Evaluation

Model evaluation is a crucial part of the model development process in machine learning. The goal of evaluation is to understand the quality of a model, and anticipate if it will perform well in the future.

While evaluation is a classical problem in machine learning, data-centric AI approaches have catalyzed a shift towards fine-grained evaluation: moving beyond standard measures of average performance such as accuracy and F1 scores, to measuring performance on particular populations of interest. This enables a more granular understanding of model performance, and gives users a clearer idea of model capabilities. This shift is complentary to a growing interest in understanding model robustness, since access to fine-grained evaluation permits an enhanced ability to build more robust models.
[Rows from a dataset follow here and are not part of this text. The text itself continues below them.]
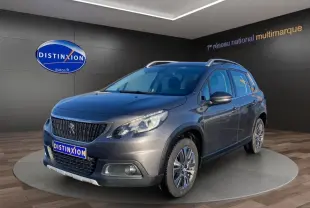Peugeot 2008 gris foncé vue 3/4 avant droit avec toit ouvrant et jantes alliage en showroom.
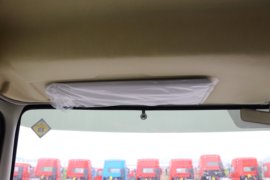 华神T5&nbsp;随车吊驾驶室图片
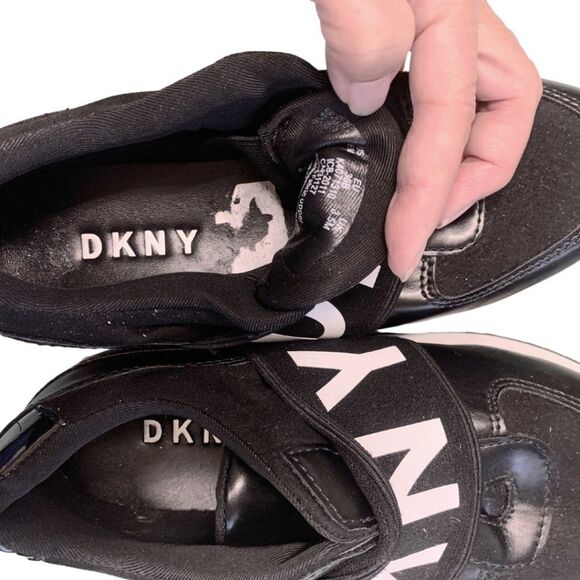 DKNY Women's Lightweight Slip On Comfort Sneaker Black and White Size 6S - Picture 6 of 6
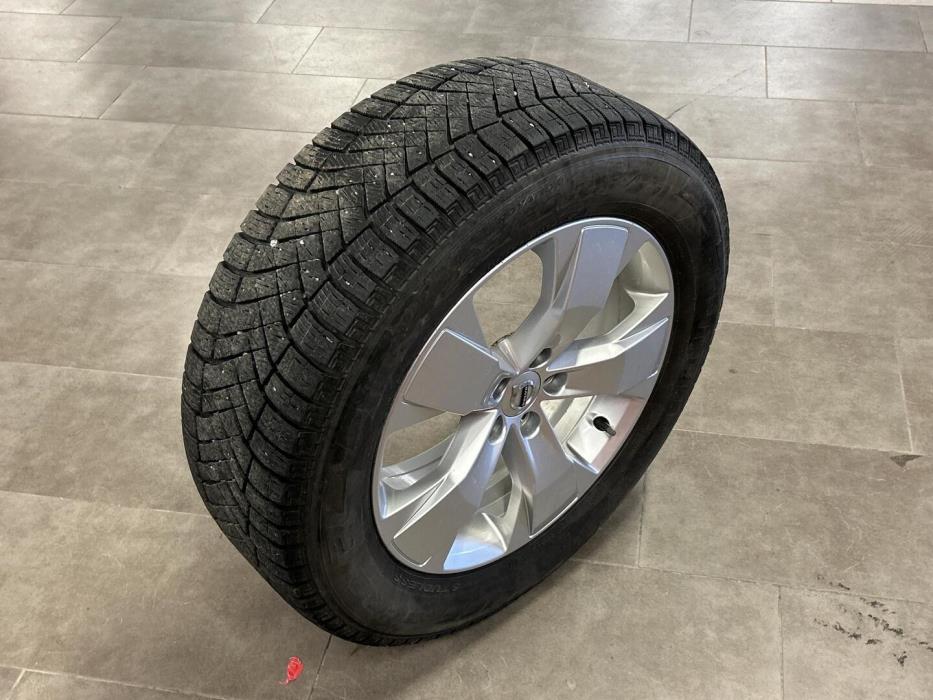 VOLVO XC60 2020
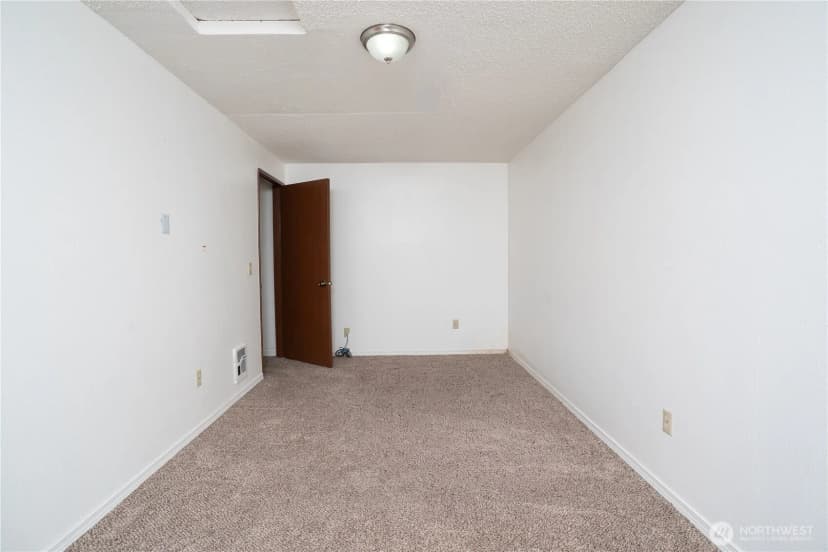 Property photo for 1602 Groves Avenue Nw, Olympia photo 13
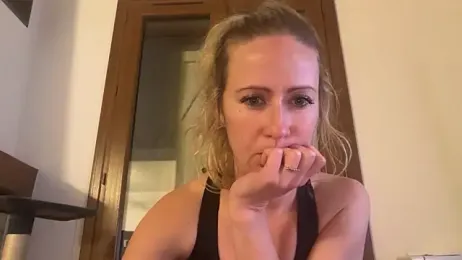 Emmy_frenchie webcam model stream image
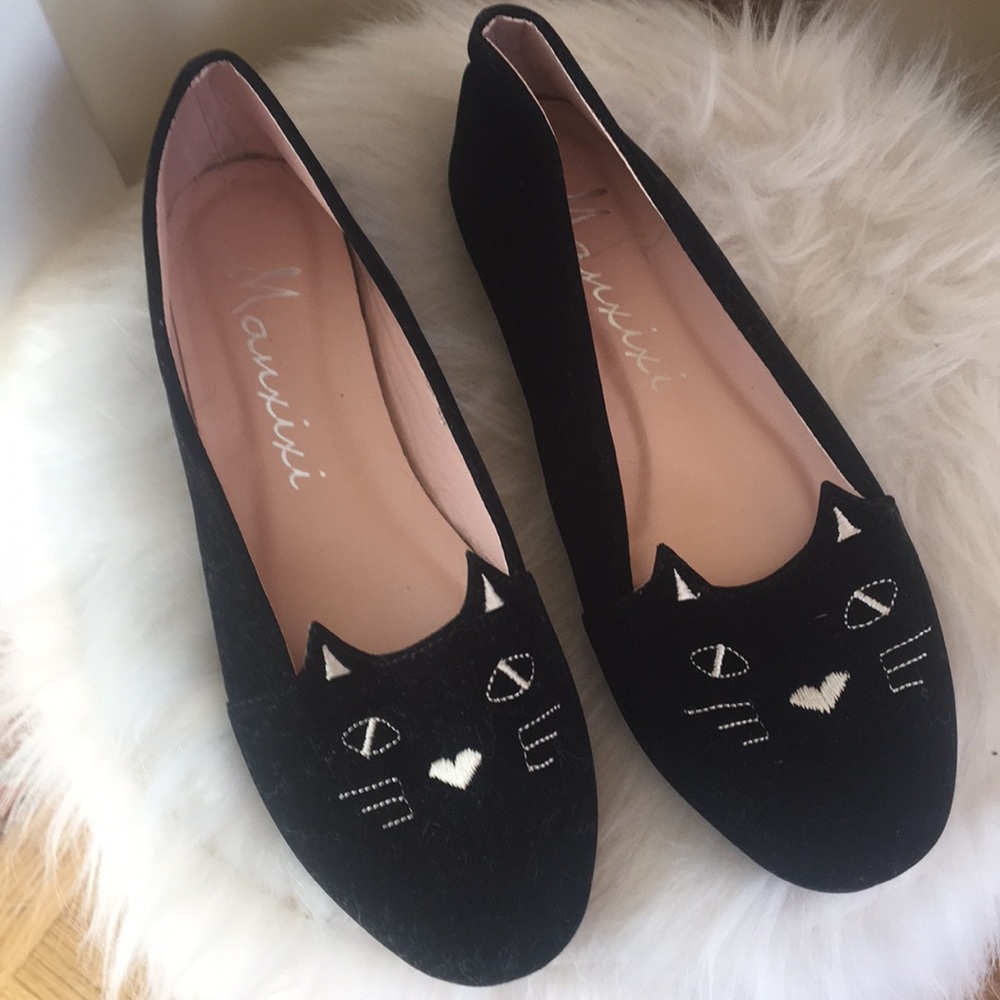 Black cat shoes never worn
Approaches to fine-grained evaluation include measuring performance on critical data subsets called slices, invariance or sensitivity to data transformations, and resistance to adversarial perturbations. While most evaluation is user-specified, an important line of work found that models often underperform on hidden strata that are missed by model builders in evaluation, which can have profound consequences on our ability to deploy and use models. This motivates future work in automatically discovering these hidden strata, or more generally, finding all possible failure modes of a model by analyzing datasets and models in systematically in conjunction.

Another important facet of fine-grained evaluation is data and model monitoring in order to anticipate, measure and mitigate degradations in performance due to distribution shift. This includes identifying and isolating data points that may be considered outliers, estimating performance on unlabeled data that is streaming to a deployed model, and generating rich summaries of how the data distribution may be shifting over time.

Slice-Based Evaluation

A common evaluation paradigm is to slice data in order to find important, fine-grained data populations where models underperform, and then use this information to debug and repair models.

There are a variety of tools that assist in performing slice-based evaluations, as well as open questions in how to discover and select the most important and relevant slices for a given context.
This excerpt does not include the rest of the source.